Era no ensino fundamental que se tinha os primeiros conhecimentos da histórica, cultura, sociedades e estudos sociais do mundo.
Absorvia-se as primeiras noções de estágios de desenvolvimento econômico-social nos continentes, as formações das nações e povos e as guerras entre etnias e tribos.
O mundo dividido entre capitalismo e comunismo, numa Guerra Fria entre Estados Unidos e União Soviética pela influência no Terceiro Mundo.
Em meio ao subdesenvolvimento e pobreza, a mais impressionante realidade vinha da Índia, no grande continente asiático, com um bilhão de seres humanos, população menor apenas que a China.
Era repulsivo ler sobre a sociedade de castas na Índia.
Como um país tão grande ainda estava dividido por um sistema de castas em pleno século 20, sendo a Índia um país fundado em princípios democráticos?
Estamos longe disso, mas será que estamos construindo uma sociedade de castas - privilegiados, subalternos e desprovidos de direitos e capacidade reflexiva - em pleno século 21?
Trata-se de uma metáfora, mas o Brasil caminha para trás, quem sabe formando uma disfarçada sociedade de castas.
Já tivemos os desprovidos de direitos e perspectivas nos canaviais, cafezais, latifúndios e seringais.
O desenvolvimento econômico e os avanços sociais recentes do País nos geraram a convicção de que a sociedade de castas seria superada definitivamente e que teríamos uma sociedade de classes mais igualitária.
O que imaginávamos, também, é que o capitalismo brasileiro caminharia numa linha do liberalismo social ou socialismo democrático.
Tudo indica, porém, que estamos numa etapa de regressão, uma transição para o passado.
A necessidade de reformas no País é um (quase) consenso.
Só os setores mais radicais à esquerda e à direita não querem reformas ou querem reformas que suprimam todos os direitos que permitiram o avanço social no País.
A diferença está entre haver reformas com debate e canais de diálogo com a sociedade - as instituições e representações da sociedade organizada - e fazer reformas sem ouvir e conciliar perdas e ganhos entre todas as classes.
Esta segunda via foi a escolhida pelo governo Miguel Temer (PMDB), que ascendeu ao poder por um golpe parlamentar e que governa para o Congresso e o Parlamento legisla para o governo.
A reforma da Previdência Social, na linha proposta por Michel Temer, é o ressurgimento do sistema de castas.

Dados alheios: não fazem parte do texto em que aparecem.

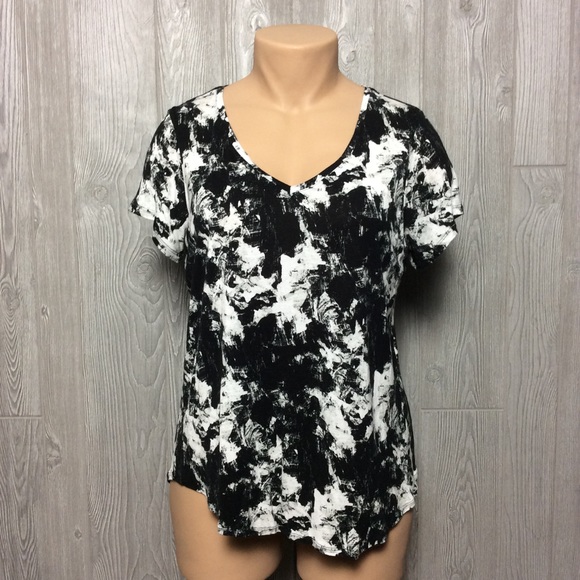 Simply Vera Vera Wang Tops - Simply Vera Black and White Stretch Top PLUS SIZE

É um elo do projeto neoliberal ansiado pelas classes mais conservadoras e tradicionais do País, reproduzidas secularmente pela cana, o café, o leite, a borracha, o gado e o latifúndio.
Passar a cobrar do trabalhador rural a contribuição que nunca lhe foi cobrada, num País de estrutura agrária com diferenças profundas – como o Nordeste e sua convivência com a seca, o Norte e a concentração de terras – é aprofundar um sistema de castas secular.
Não se desconcentrou a terra, nem se deu as condições de trabalho sob clima árido, mas vai se cobrar a contribuição tenha tido produção ou não, tenha tido trabalho ou não.
Ressurgimento que teve o primeiro passo na recém-aprovada Proposta de Emenda Constitucional (PEC) do ajuste fiscal ou teto dos gastos, que congela por 20 anos os investimentos públicos, atingindo - por inclusão - os setores da saúde e da educação, fundamentais para o avanço social.
Ressurgimento que tem como segundo passo a reforma de ensino médio, apresentada por Medida Provisória, exatamente para fugir do debate com a sociedade.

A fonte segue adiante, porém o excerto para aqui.